Quantitatively Probing the Discovery of a Natural Theranostic for Type 1 Diabetes

Description:
Early 2022 marked the 100th anniversary of the first person with Type 1 Diabetes (T1D) receiving exogenous insulin as a therapeutic. It is estimated that insulin has saved more lives than the number of lives lost in World Wars I and II combined. Lesser known than insulin is the 31 amino acid length C-peptide, which is connected to insulin at one point during in vivo processing in the pancreatic beta cells and secreted in equimolar amounts with insulin. Based on its half-life of over 30 minutes in comparison to the 2-3 minute half-life of insulin, C-peptide has long been used as a diagnostic to confirm the absence of insulin (and thus, T1D). However, since its discovery in 1967, C-peptide has never found success as a therapeutic. Recently, our group has reported that C-peptide may have beneficial effects on bloodstream cells but requires a special formulation iincluding zinc and albumin. When formulated correctly, it has many of the same effects that insulin has on cells, which is important because insulin has no effect on bloodstream cells. Interestingly, this formulation, when used on cells obtained from people with Multiple Sclerosis, can be used as a diagnostic tool. Collectively, our group believes that C-peptide has the ability to serve as a diagnostic and therapeutic in a manner that makes it a novel example of a theranostic. In this presentation, I will present work from our group describing the behind-the-scenes analytical work needed to understand C-peptide as a theranostic for autoimmune disease including purification of the peptide, radiolabeling of proteins for unique dialysis and binding studies, receptor identification, as well as mass spectrometric analysis of albumin glycation affecting C-peptide efficacy.

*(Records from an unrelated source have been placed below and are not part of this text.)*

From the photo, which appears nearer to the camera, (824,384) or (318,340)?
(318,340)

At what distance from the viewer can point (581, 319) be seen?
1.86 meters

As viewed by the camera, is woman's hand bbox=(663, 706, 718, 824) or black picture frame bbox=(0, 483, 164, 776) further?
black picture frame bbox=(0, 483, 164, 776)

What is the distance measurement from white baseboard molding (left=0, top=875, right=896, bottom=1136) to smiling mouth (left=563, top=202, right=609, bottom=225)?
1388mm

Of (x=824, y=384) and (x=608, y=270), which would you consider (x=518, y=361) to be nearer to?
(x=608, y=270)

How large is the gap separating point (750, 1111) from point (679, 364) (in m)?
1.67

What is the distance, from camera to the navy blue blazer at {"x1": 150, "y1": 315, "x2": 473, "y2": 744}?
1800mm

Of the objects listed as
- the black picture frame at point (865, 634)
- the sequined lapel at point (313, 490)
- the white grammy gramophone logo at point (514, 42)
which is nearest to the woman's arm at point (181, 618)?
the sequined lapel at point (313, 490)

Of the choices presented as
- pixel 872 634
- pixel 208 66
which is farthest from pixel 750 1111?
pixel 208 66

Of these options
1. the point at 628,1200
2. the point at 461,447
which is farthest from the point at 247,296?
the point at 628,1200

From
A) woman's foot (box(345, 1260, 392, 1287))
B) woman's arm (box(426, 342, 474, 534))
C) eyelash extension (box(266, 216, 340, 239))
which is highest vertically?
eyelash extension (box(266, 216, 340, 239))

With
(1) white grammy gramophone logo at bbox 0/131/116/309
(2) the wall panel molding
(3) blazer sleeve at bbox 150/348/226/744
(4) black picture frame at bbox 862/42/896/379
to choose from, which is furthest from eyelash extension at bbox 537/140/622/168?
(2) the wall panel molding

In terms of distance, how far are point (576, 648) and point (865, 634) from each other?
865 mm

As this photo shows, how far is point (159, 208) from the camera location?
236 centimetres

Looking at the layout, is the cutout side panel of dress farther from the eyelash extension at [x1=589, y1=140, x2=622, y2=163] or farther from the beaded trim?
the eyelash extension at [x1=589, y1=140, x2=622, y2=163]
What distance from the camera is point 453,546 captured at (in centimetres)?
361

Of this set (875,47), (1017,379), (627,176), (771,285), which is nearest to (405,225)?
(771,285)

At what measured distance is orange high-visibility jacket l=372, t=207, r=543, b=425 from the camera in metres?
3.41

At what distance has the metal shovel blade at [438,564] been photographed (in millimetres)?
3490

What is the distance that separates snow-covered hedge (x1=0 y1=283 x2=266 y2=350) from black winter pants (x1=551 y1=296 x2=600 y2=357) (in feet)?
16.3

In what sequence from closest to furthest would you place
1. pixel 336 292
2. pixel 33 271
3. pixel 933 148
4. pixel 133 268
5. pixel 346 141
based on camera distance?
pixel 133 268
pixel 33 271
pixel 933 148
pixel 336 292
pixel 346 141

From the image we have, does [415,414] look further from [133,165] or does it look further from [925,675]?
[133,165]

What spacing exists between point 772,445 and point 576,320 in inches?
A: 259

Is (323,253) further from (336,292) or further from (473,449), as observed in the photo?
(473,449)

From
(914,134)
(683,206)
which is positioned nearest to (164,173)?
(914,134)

Speaker: Dana Spence - Michigan State University
Dr. Spence is a professor in Biomedical Engineering at Michigan State University's Institute for Quantitative Health Science & Engineering. His group's research focus examines the role of bloodstream cells in autoimmune disease, specifically Type 1 Diabetes (T1D) and Multiple Sclerosis. In both cases, his group investigates the role of C-peptide, the 31 amino acid peptide that is co-secreted with insulin from the pancreatic beta cells. In T1D, the focal point is a correct physiological formulation involving C-peptide that can be used as an exogenously added therapy alongside insulin. In MS, his group's focus is to utilize the C-peptide as a diagnostic. These projects are studied alongside a project involving new formulations and strategies for transfusion medicine and blood storage. Collectively, these hematology-based projects are supported by novel, quantitative tools and measurements that draw on Dr. Spence's formal training in analytical chemistry during his graduate studies.